WHAT IS REQUIRED:
Copy the data that follows, exactly and completely.

INFORMATION SHOWN:
━━━
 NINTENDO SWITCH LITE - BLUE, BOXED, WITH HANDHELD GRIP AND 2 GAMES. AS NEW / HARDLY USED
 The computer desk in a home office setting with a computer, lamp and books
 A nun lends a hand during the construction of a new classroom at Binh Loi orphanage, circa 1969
━━━
SOLUTION FOR THIS EXERCISE:
 NINTENDO SWITCH LITE - BLUE, BOXED, WITH HANDHELD GRIP AND 2 GAMES. AS NEW / HARDLY USED
 The computer desk in a home office setting with a computer, lamp and books
 A nun lends a hand during the construction of a new classroom at Binh Loi orphanage, circa 1969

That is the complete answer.